About this exercise :: Your task is to output the listing word for word, with pictures excluded.

####################

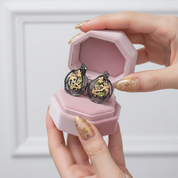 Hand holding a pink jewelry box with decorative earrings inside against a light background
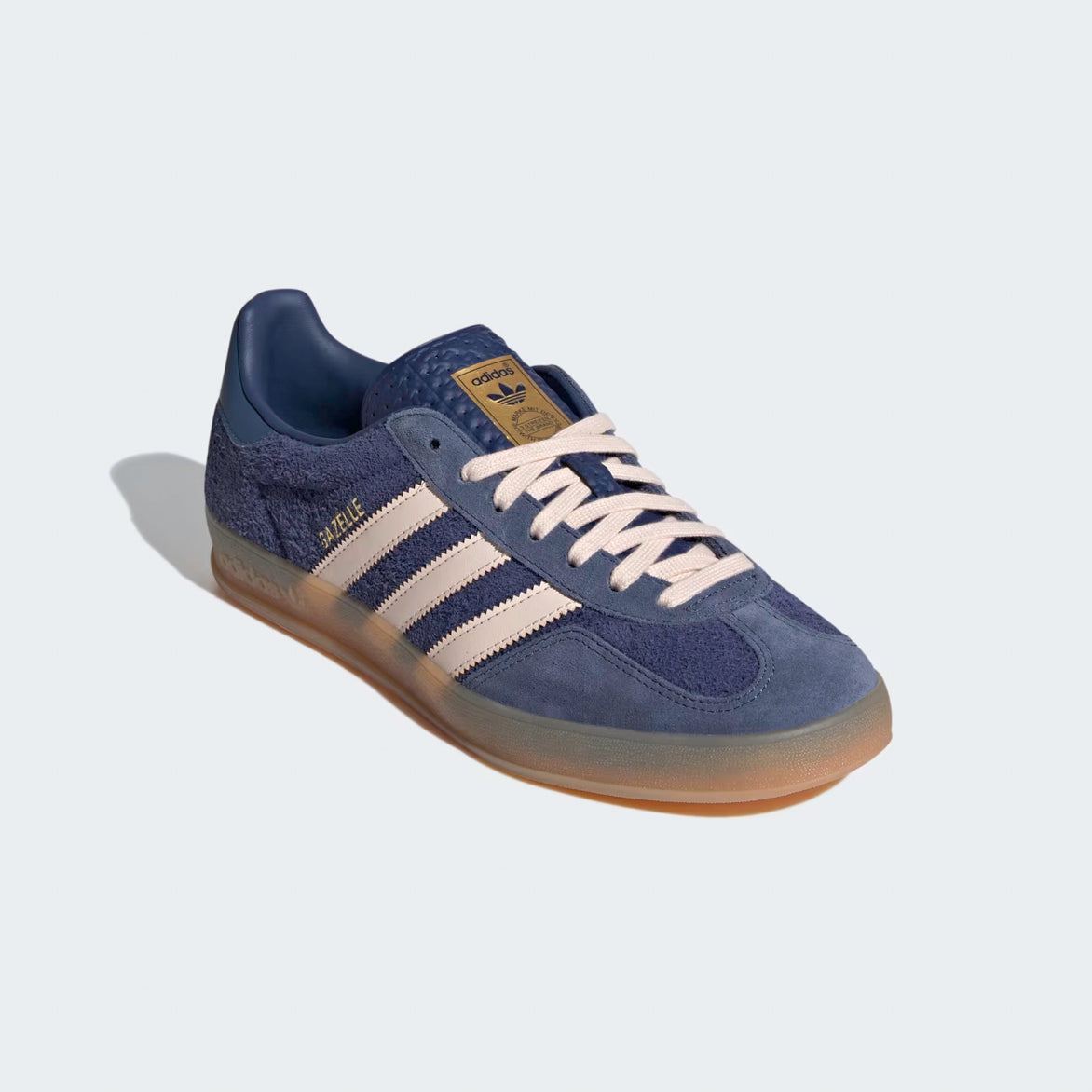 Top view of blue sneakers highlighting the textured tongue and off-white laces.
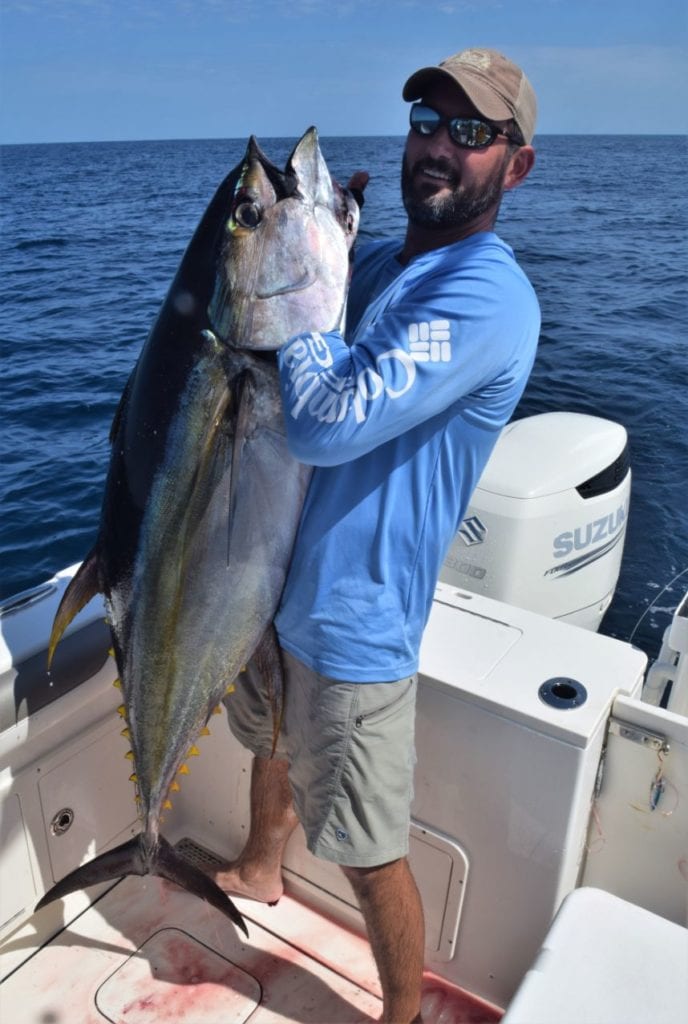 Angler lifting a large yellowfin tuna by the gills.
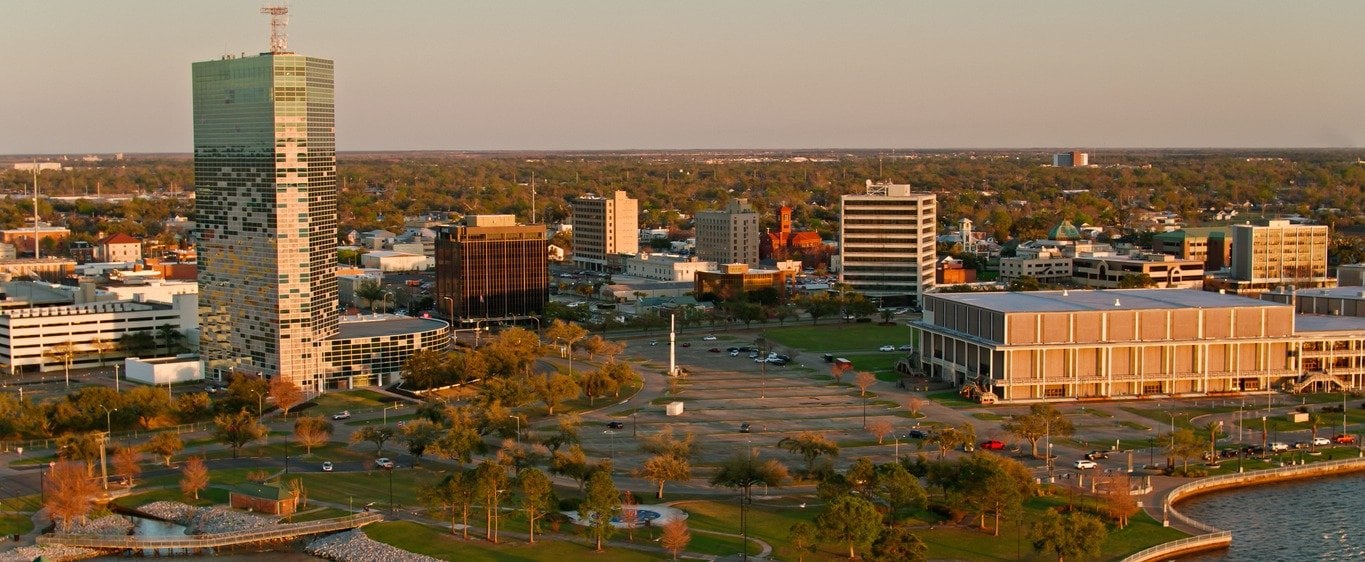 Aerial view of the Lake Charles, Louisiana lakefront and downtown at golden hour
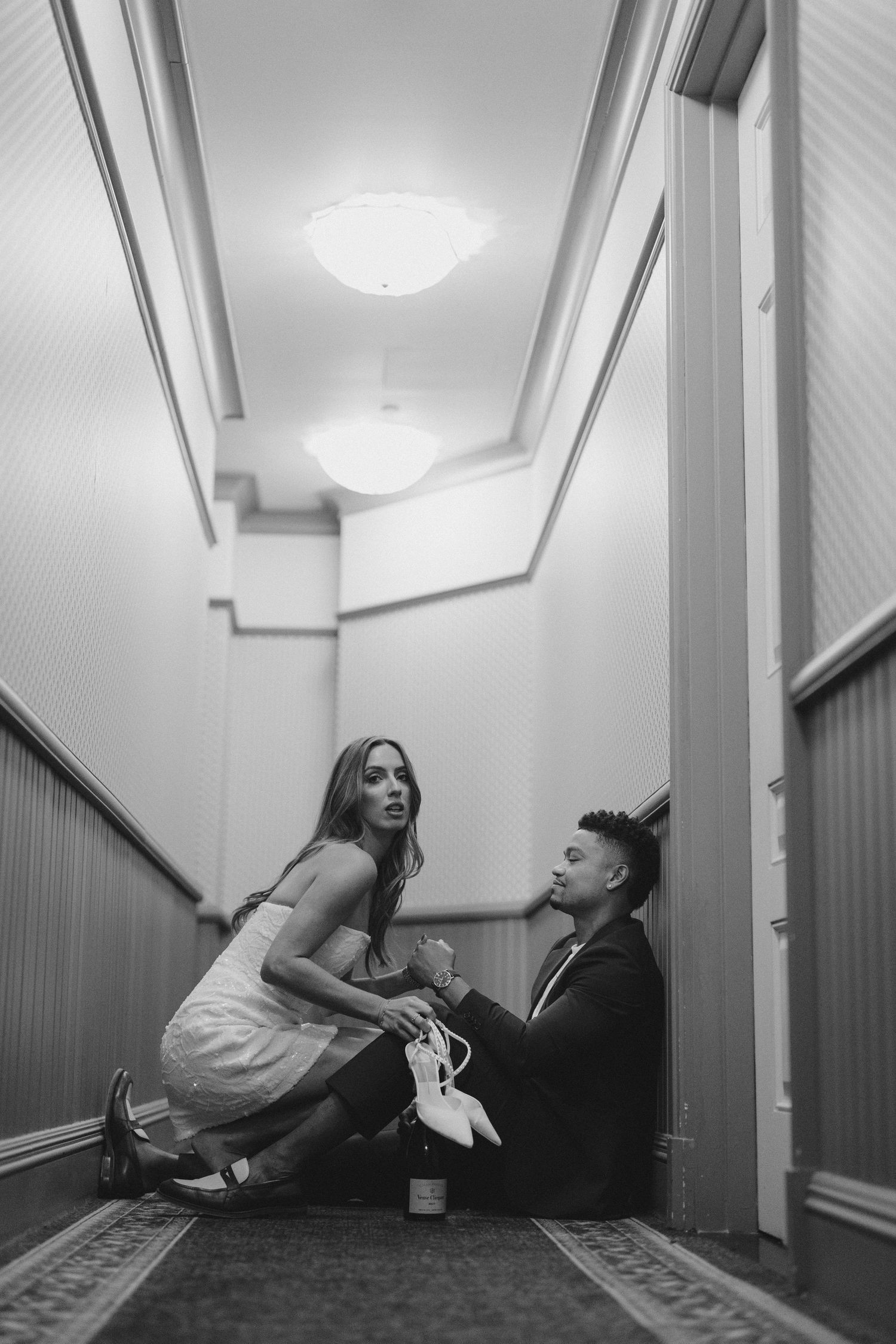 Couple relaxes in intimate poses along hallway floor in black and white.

####################

Solution below ::
 Hand holding a pink jewelry box with decorative earrings inside against a light background
 Top view of blue sneakers highlighting the textured tongue and off-white laces.
 Angler lifting a large yellowfin tuna by the gills.
 Aerial view of the Lake Charles, Louisiana lakefront and downtown at golden hour
 Couple relaxes in intimate poses along hallway floor in black and white.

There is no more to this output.